Extracting text from PDF documents
PDFxStream provides two ways to extract text from PDF documents:
- The
com.snowtide.pdf.OutputHandler
interface and its various implementations direct extracted text at the document, page, or block level to files and in-memory buffers, while optionally applying arbitrary formatting logic. - a document model corresponding to the content found on each page of a PDF that can be traversed to selectively access and extract content based on arbitrary application and business logic
Most applications will use the former, and PDFxStream ships with a
number of OutputHandler
implementations
designed to satisfy common text extraction use cases.
The most commonly-used OutputHandler
is
com.snowtide.pdf.OutputTarget
. It extracts all text from the
document, page, or block being piped as efficiently as possible, aiming
to produce content that is in a natural read-ordering suitable for
content-oriented processing (such as indexing and search, summarization,
dictation, and translation purposes). Here's an example showing
OutputTarget
in use; in general, aside from
minor points of configuration, all
OutputHandler
usage follows the same pattern:
public String getPDFText (File pdfFile) throws IOException {
try (Document pdf = PDF.open(pdfFile)) {
StringBuilder buf = new StringBuilder();
pdf.pipe(new OutputTarget(buf));
return buffer.toString();
}
}
When a pipe(OutputHandler)
method is invoked, all of the content held
by the object being piped is sent (in document-model order) to the
OutputHandler
, which can decide what content
should or should not be included in the resulting extract, and what
formatting should be applied to it. The
OutputHandler
interface essentially defines a
visitor pattern over
the domain of the PDFxStream document model, making implementing
custom formatting and extraction strategies very straightforward; see
here for details.
pipe(OutputHandler)
methods are available at all levels of the
PDFxStream document model:
- Document:
com.snowtide.pdf.Document.pipe(OutputHandler)
- Page:
com.snowtide.pdf.Page.pipe(OutputHandler)
- Block:
com.snowtide.pdf.layout.Block.pipe(OutputHandler)
- Line:
com.snowtide.pdf.layout.Line.pipe(OutputHandler)

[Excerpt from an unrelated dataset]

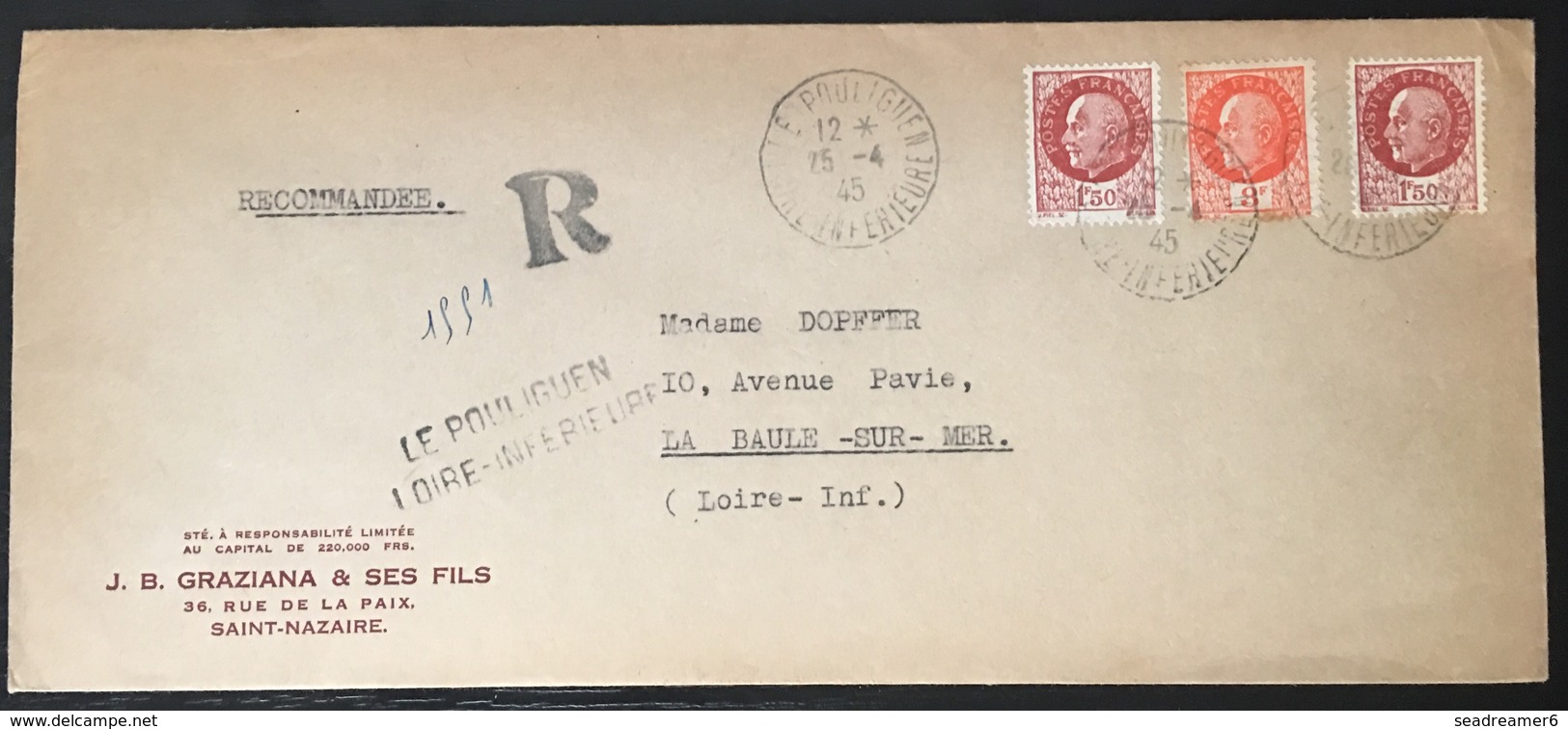 France ILOT DE SAINT NAZAIRE / POCHE DE L'ATLANTIQUE - 1945 - ENVELOPPE RECOMMANDEE Du Pouliguen - Francobolli Di Guerra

So in the above example, invoking the
Document.pipe(OutputHandler)
method sends the entire document's content to the
OutputHandler
. Piping a block to an
OutputHandler
will yield only that block's
content, and so on.
OutputHandler
's can generally write text
content to any java.lang.Appendable
, which includes
java.nio.CharBuffer
s and java.io.Writer
s. This makes many use cases
very easy to implement, such as sending extracted PDF text directly to a
local file, which is done here for a single page:
public void savePDFText (File pdfFile, int pageNumber, File textFile) throws IOException {
Document pdf = PDF.open(pdfFile);
Page page = pdf.getPage(pageNumber);
BufferedWriter writer = new BufferedWriter(new OutputStreamWriter(new FileOutputStream(textFile)));
page.pipe(new OutputTarget(writer));
pdf.close();
writer.flush();
writer.close();
}
The PDFxStream Document Model
PDF documents specify their textual content one character at a time, without any indication of physical structure (such as lines, blocks, columns, etc) or logical organization (headers, paragraphs, captions, footers, etc). Therefore, PDFxStream must employ advanced document understanding processes to derive the structure of each PDF document page it is presented. These processes gather characters into lines, lines into blocks, blocks into columns, and so on. The document structure that these entities represent and the API that PDFxStream exposes for developers to work with them collectively forms the PDFxStream document model.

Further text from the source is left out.